#### [Exercise goal]
Shown below are entries with pictures; the line with "Similar image 7661362" through the line with "sitting lemur isolated on white" is the span to retype exactly, and the pictures stay out.

++++ Given data

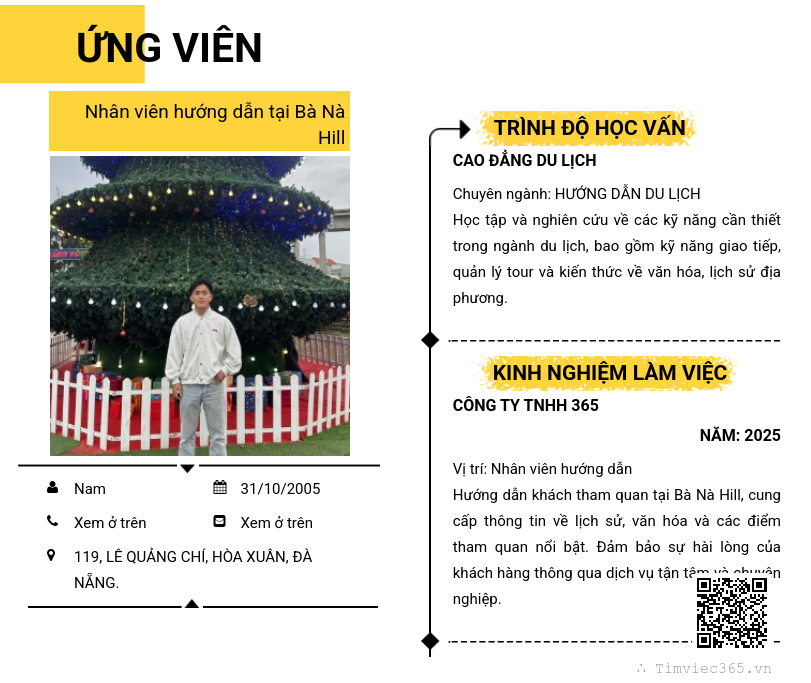 CV ứng viên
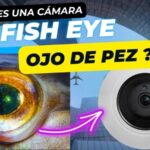 ¿qué es una cámara fisheye ojo de pez?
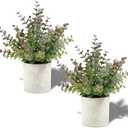 1 Pack Small Fake Plants Christmas Plants Eucalyptus Potted Artificial Plants for Home Indoor Fireplace Mantel Shelf Desk Home Bathroom Farmhouse Room Coffee Christmas Table Decor Xmas Decor (Purple)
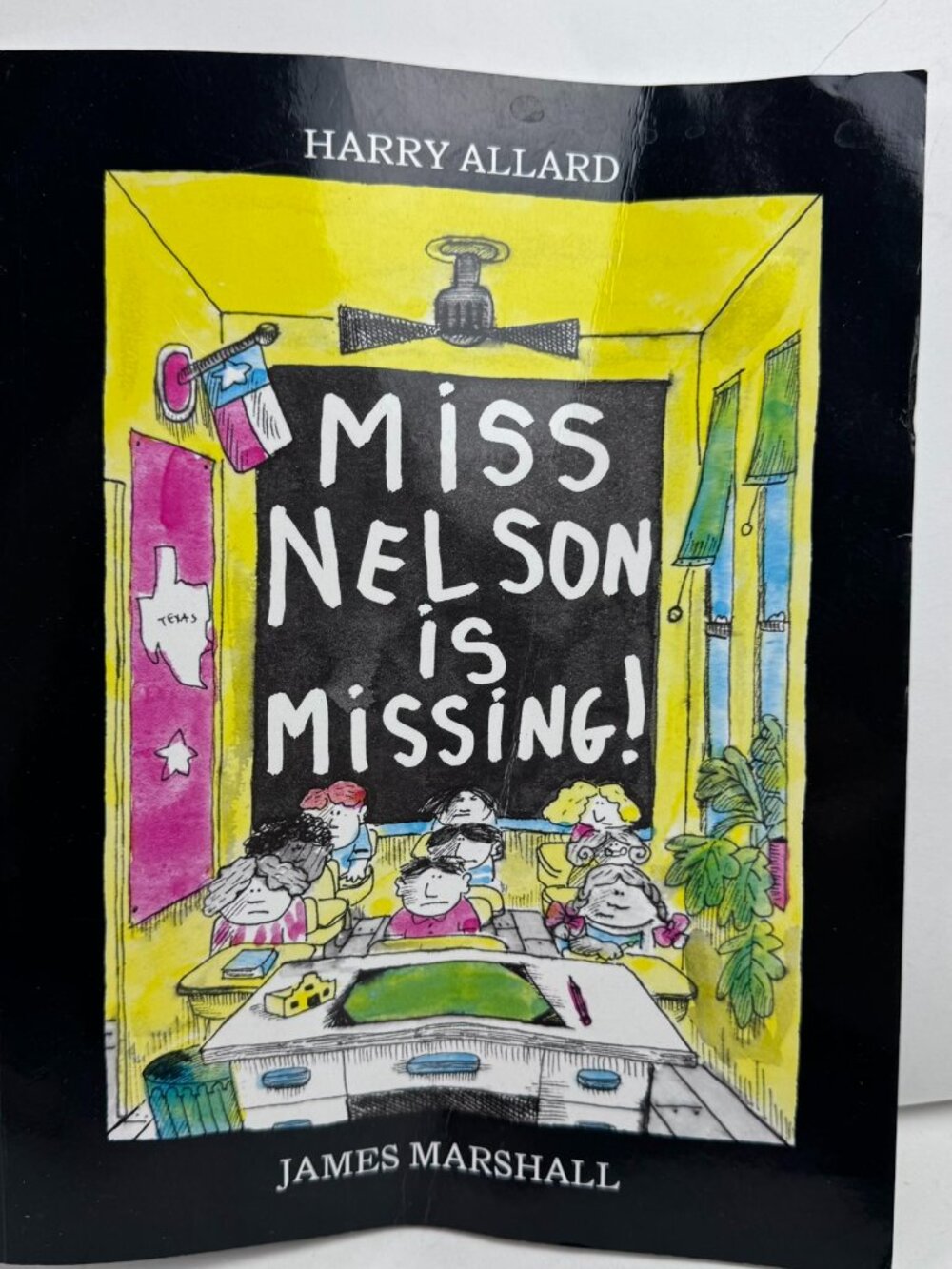 Miss Nelson Is Missing! Harry Allard James Marshall PB ISBN 978-0-395-40146-0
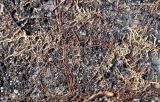 Quercus robur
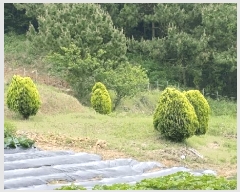  2025Ÿ51438   ȭ ̸ 651-1      (Ӿ)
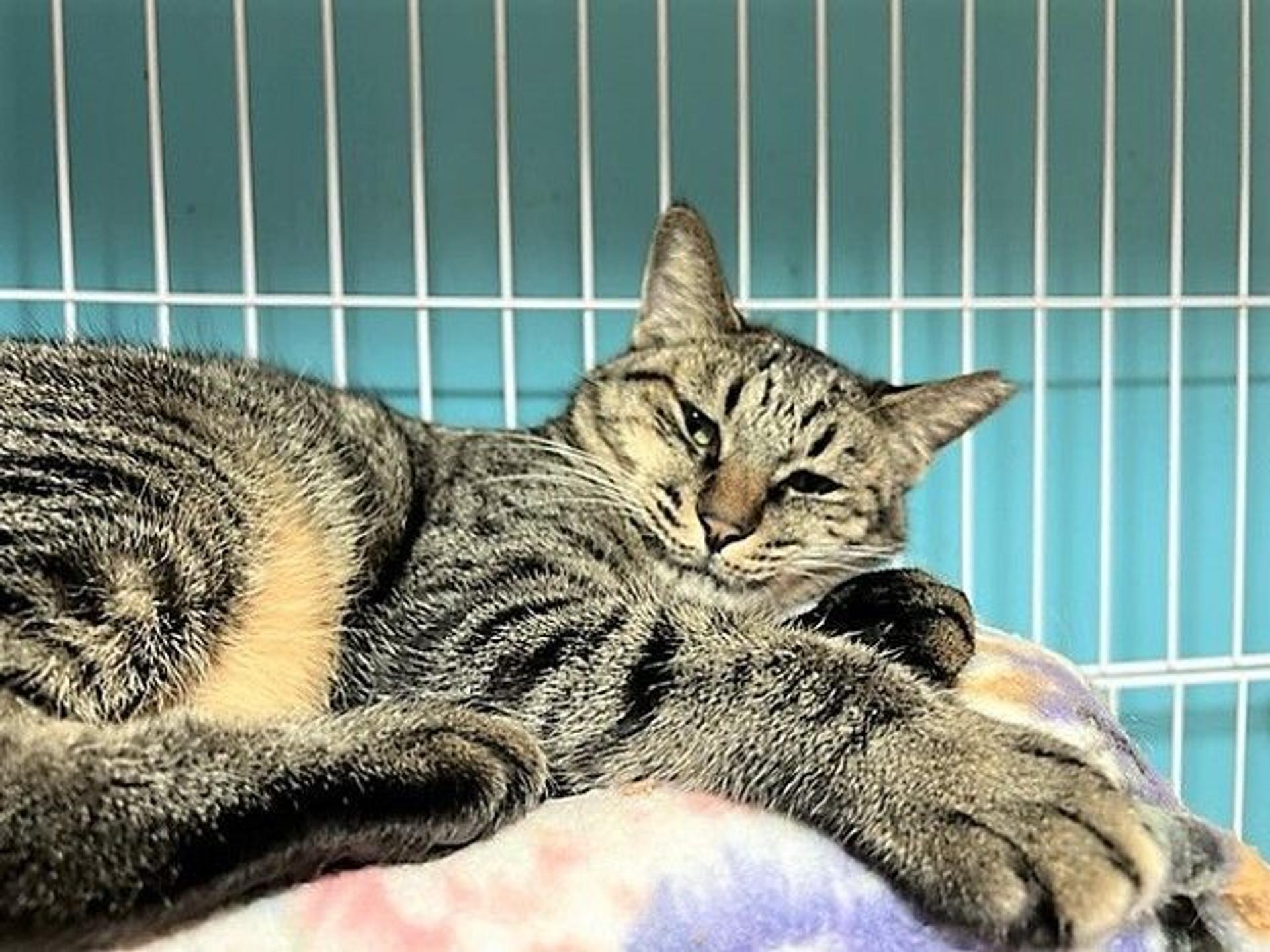 pet-image-9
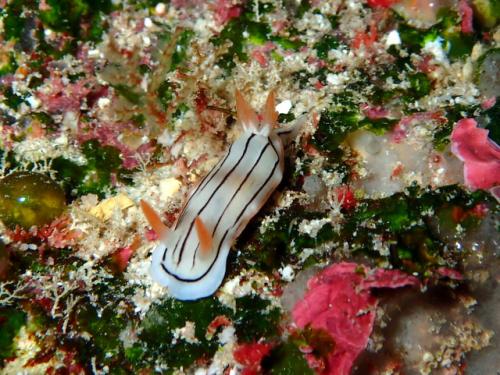 サイパン ダイビングライセンス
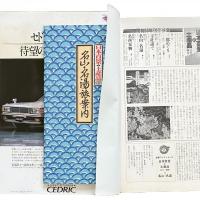 別冊太陽 太陽コレクション 日本百景と土産品 江戸明治 3 名山・名湯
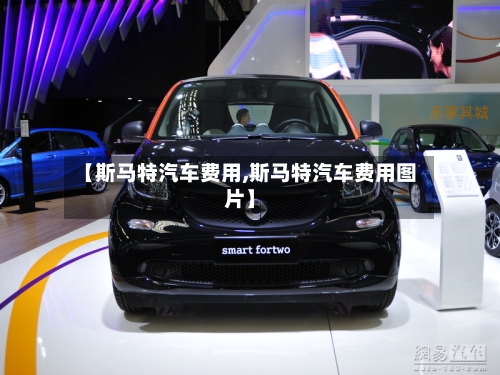 【斯马特汽车费用,斯马特汽车费用图片】-第2张图片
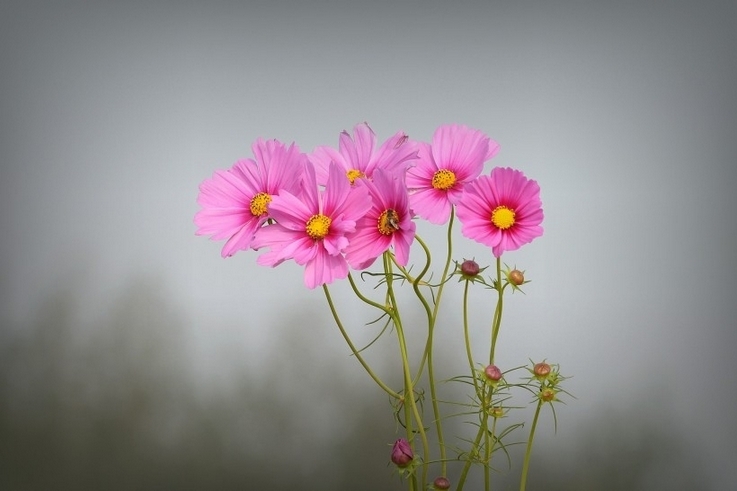 秋日美丽的波斯菊花卉图片摄影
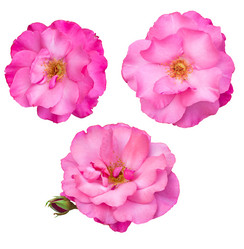 Similar image 7661362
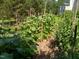 Lush garden with thriving plants and organized rows, perfect for gardening enthusiasts at 1123 Poplar Forest Ln, Pittsboro, NC 27312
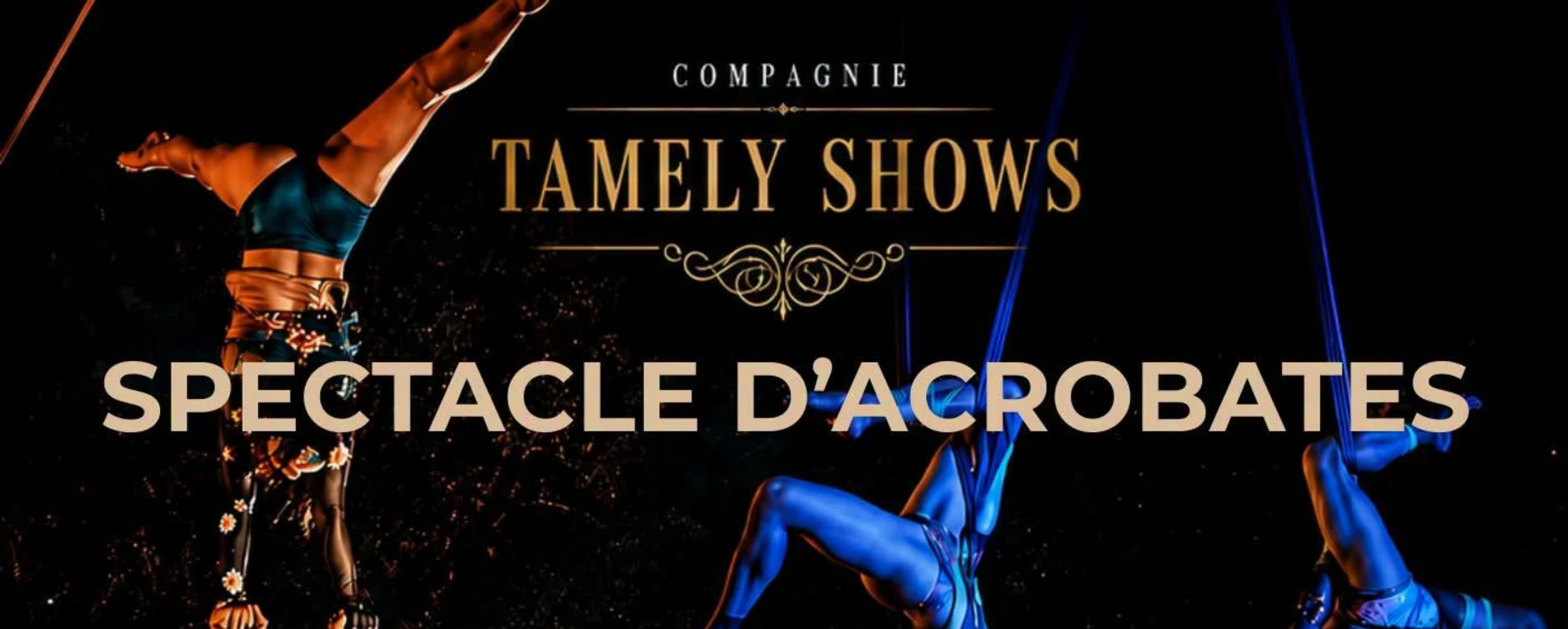 Spectacle d'acrobatie avec la Cie Tamely Show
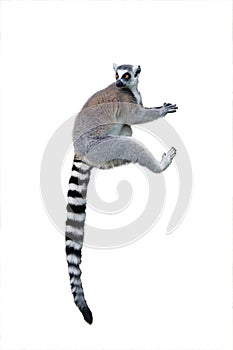 sitting lemur isolated on white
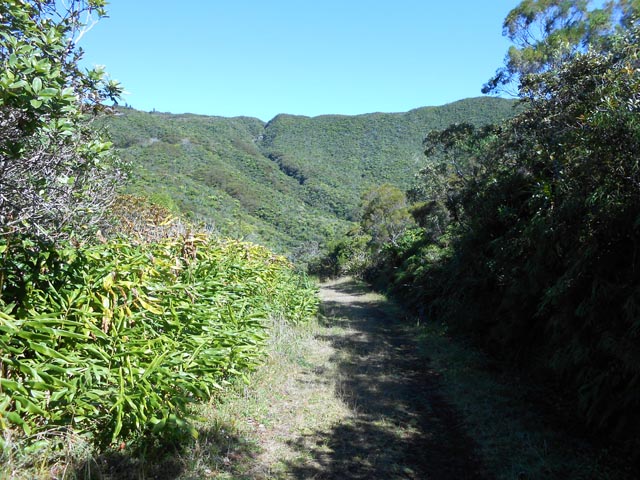 Longoses et bois de couleurs pour une vue vers le Col de Bellevue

++++++++

#### [Answer section]
 Similar image 7661362
 Lush garden with thriving plants and organized rows, perfect for gardening enthusiasts at 1123 Poplar Forest Ln, Pittsboro, NC 27312
 Spectacle d'acrobatie avec la Cie Tamely Show
 sitting lemur isolated on white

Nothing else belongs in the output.